Fenwick Lawson was born in 1932 in South Moor, Co. Durham and spent his childhood in the neighbouring village of Craghead. He first studied art at Sunderland College of Art before being awarded a place at The Royal College of Art in London. Lawson studied there from 1954-57, under John Skeeping and with the influences of Jacob Epstein who was working in the College on the Llandaff Christ.
After his studies Lawson was awarded the Sir James Knott Travelling Scholarship in 1958, which allowed him to travel in Europe experiencing the work of the masters, including Michelangelo and Donatello. He also came across Cycladic art for the first time and became interested in its simplicity of form. Lawson returned home to the North East in 1959.
In around 1961 he was appointed as a lecturer in sculpture at Newcastle-upon-Tyne College of Art, which then merged to form Newcastle Polytechnic becoming Head of the Sculpture Department at the Polytechnic until his retirement from teaching in 1984.
During the 1960's and 70's Lawson's work was within the mainstream of the time concerning itself with the 'objectness' of the object; it was art for arts sake. Whilst this genre had validity in its own right, it was not fulfilling his total self. He felt the need to redefine his work to include a moral content in order to engage with the human condition.

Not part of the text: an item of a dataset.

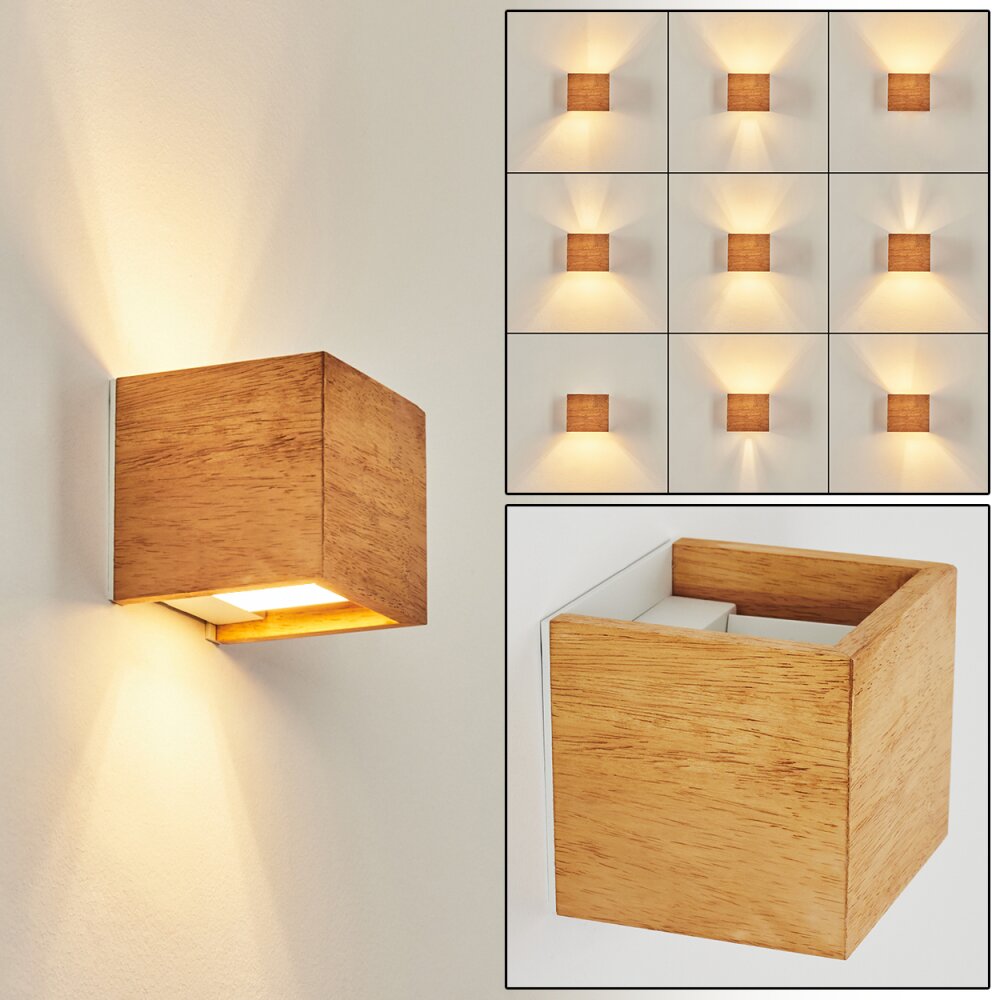 Applique murale Badajoz Écru, Blanc, 1 lumière main product photo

Most of these later works could be seen to be religious. However, if the viewer is prepared to look beyond the religious narrative, they will see that it is used as a metaphor within which the sculptor can express his consciousness of humanity and inhumanity. The metaphor is timeless and transcends the dominant culture. Its concern with the human condition has both historical and contemporary relevance.